Here is a screenshot of the resets


----------



## etaf (Oct 2, 2003)

those errors are normal on windows 10 (and 8/8,1) 

did you try and remove ESET ?

maybe have a look and see if you can restore to original install 

On the windows logo - bottom left of task bar
right click 
choose 
control panel

in the search bar at the top right of the control panel screen
type
recovery 

Click on the word recovery - thats appears on the main part of the screen
then
Open System Restore

a new box appears 
Click on 
NEXT 
You should get a list with dates 

Depending on how many restore points you have , depends on how many items in the list

you may also have a box at the bottom to show more restore points click on that 

then post back what you have


----------



## Huggum (Aug 6, 2015)

I removed eset before but I downloaded the removal program and it said no antivirus programs were detected. 

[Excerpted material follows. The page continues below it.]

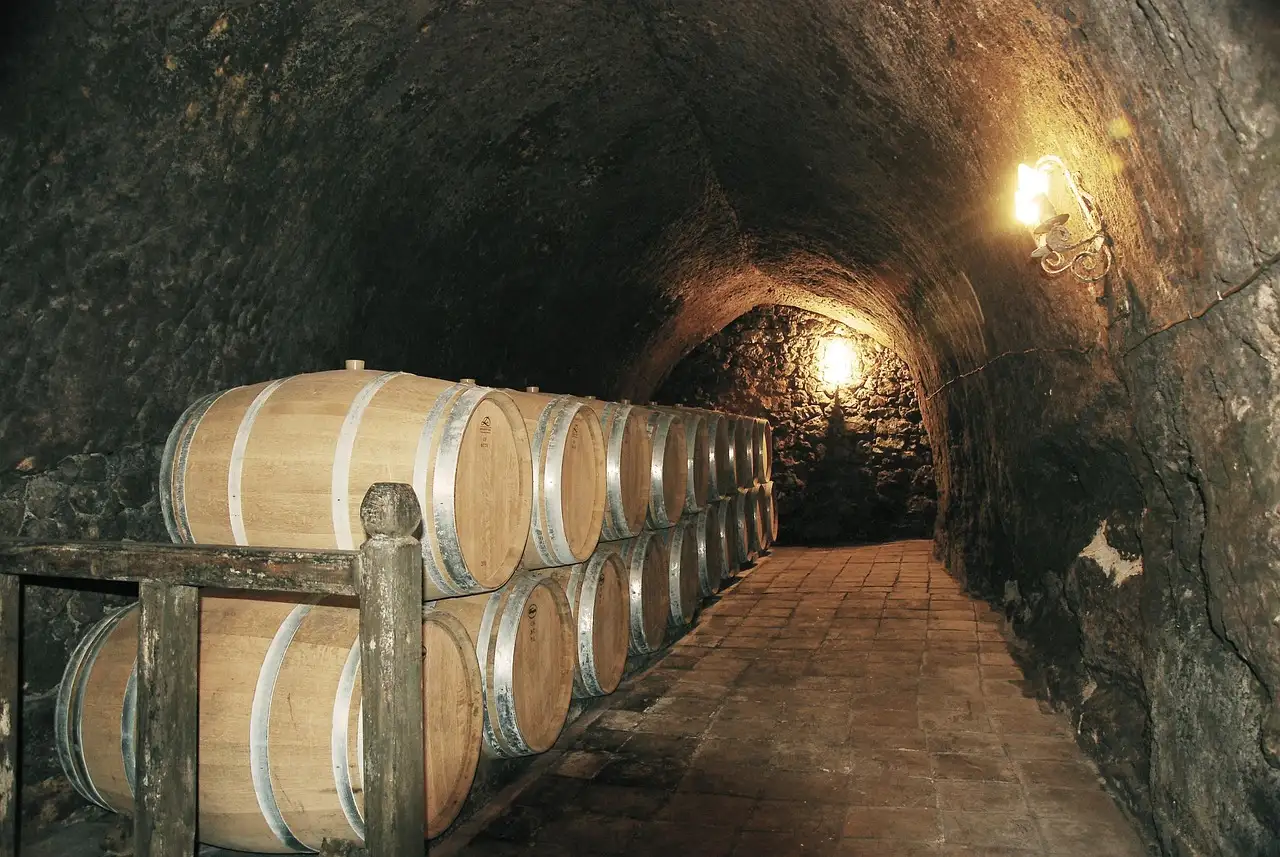 Oak barrels lined up in a lit underground cellar tunnel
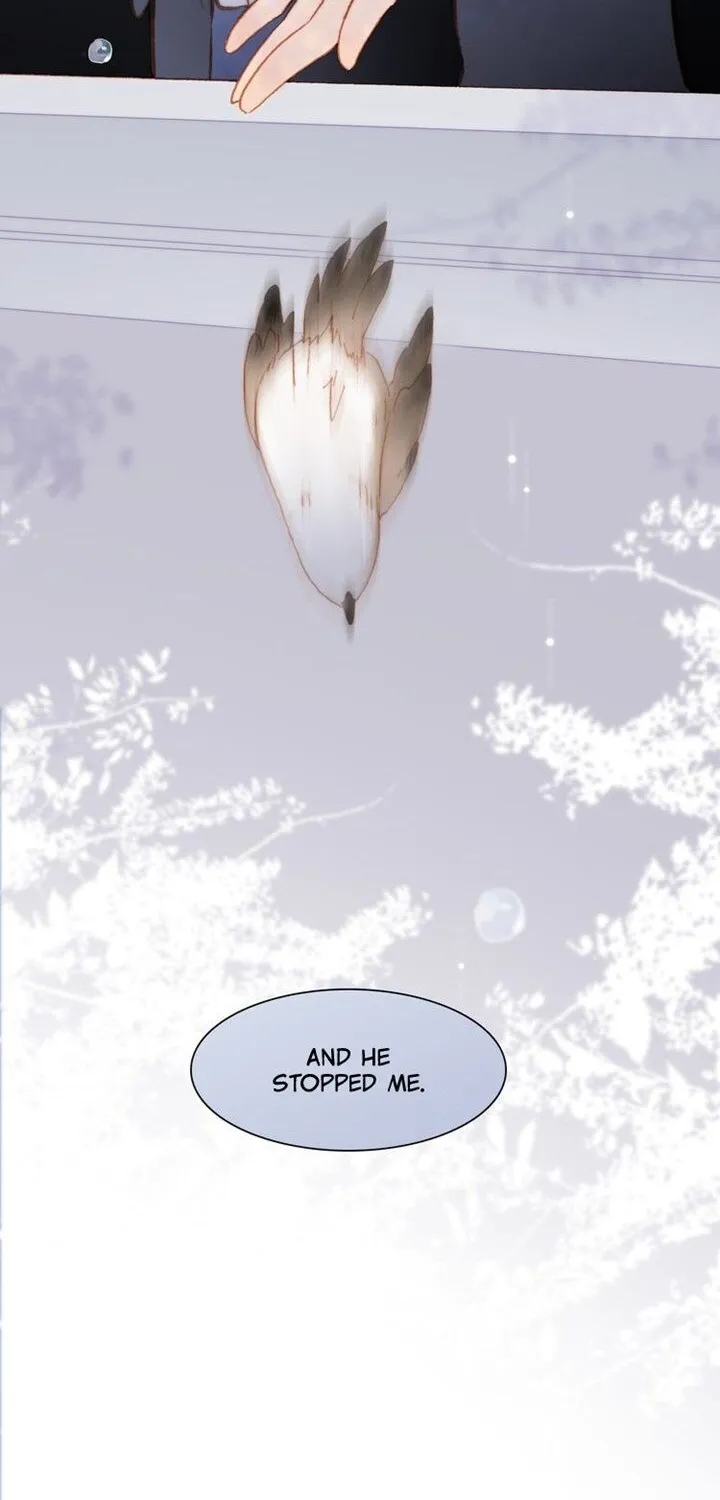 Soundless Cosmos Zinmanga X Chapter 24 Page 8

I have two restore points, both from yesterday, both described as windows update - critical update. They are only a minute apart (16:14:30 and 16:13:17 respectively)


----------



## Huggum (Aug 6, 2015)

I removed eset before but I downloaded the removal program and it said no antivirus programs were detected. 

I have two restore points, both from yesterday, both described as windows update - critical update. They are only a minute apart (16:14:30 and 16:13:17 respectively)


----------



## etaf (Oct 2, 2003)

was the problem evident before that date or after ?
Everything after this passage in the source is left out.